◆ Task prompt ◆
What is the number of lines below that include "with"? Give that number alone.

◆ Provided data ◆
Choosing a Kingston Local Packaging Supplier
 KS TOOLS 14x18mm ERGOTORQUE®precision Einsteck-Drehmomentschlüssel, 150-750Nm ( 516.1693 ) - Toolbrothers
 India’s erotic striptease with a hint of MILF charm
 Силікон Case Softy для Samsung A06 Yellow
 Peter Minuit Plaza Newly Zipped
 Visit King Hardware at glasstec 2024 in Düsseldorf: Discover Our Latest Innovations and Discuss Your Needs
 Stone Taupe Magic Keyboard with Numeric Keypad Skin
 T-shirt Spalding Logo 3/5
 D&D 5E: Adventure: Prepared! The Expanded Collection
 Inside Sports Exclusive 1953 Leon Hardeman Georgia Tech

◆ Output of the task ◆
2